The economy can certainly absorb the influx of holiday shopping and more people will be home to vote or know sufficiently in advance to request absentee ballots. Holiday-focused shows, events, classroom content, sales promotions, etc., can all help drive educated participation and motivate the population to be more informed of the candidates and positions. We can build a national message that leverages our past mistakes (from both parties) to enforce the importance of education, participation and the role of the populace to mandate responsible, effective government.
This new holiday will encourage our schools and media to educate and emphasize the responsibilities of the electorate to maintain the health of our democracy. With all due respect to exceptional educators, the national evidence of the past eight years proves that our educational and media system has failed our democracy. There is no better learning example of what can go wrong than the George W. Bush administration and how we failed to prevent its actions. As we re-educate our nation, imagine the potential quiz questions.
n Of these six acts by the Bush administration, which one is actually permissible under the Constitution?
n True or false, Vice President Dick Cheney controlled and determined more executive and policy decisions than President Bush?
n What is the estimated level of global competitiveness America forfeited that is directly attributed to the No Child Left Behind program?
n Extra credit essay: Defend either statement using at least five reference points — "In presenting the justification for invading Iraq, the Bush administration was a) incompetent or b) intentionally lied to the nation?

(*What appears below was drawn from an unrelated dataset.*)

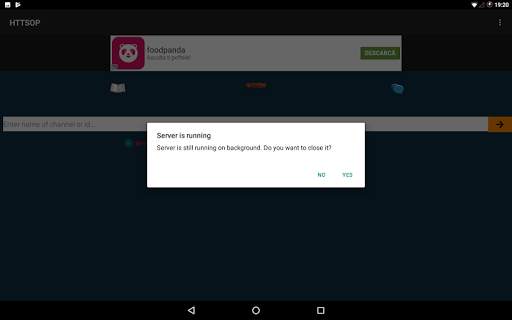 SOP to HTTP Tv Online screenshot 17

We face a long, hard uphill climb. Only by acknowledging our collective failure and recognizing how national apathy enables single-minded individuals to manipulate a nation, can we begin to heal our nation and to rebuild our economic and national strength. George W. Bush Day, will stress the patriotic duty of every American to fight through the propaganda, misinformation, irrational logic, bias news sources and then to question everything by participating in the debate and discussion required for a healthy and evolving democracy.
Communism taught in school shows how intelligent and educated people accepted the misguided logic and rational of a communist government and how most chose to follow, rather than question or fight back. We learned how the mass majority in these countries were driven into a rut by the ruling powers and were incapable of climbing out. We had always assumed that America was immune to this type of behavior. Well, America has proven that we too, can be led into a national rut. America needs to acknowledge and constantly remind ourselves what happened during the George W. Bush administration. The many manipulative acts of this administration must never be forgotten. We can never ignore how the conservative faction took a large lever labeled "faith" and drove it deep into the nation where it touched enough of the populace so too many of us aligned behind the calculated power grab. Then the national outrage from the 9/11 attacks was leveraged to accelerate our democratic demise as more citizens were driven into a deeper national rut, executive power expanded, and the conservative agenda enacted.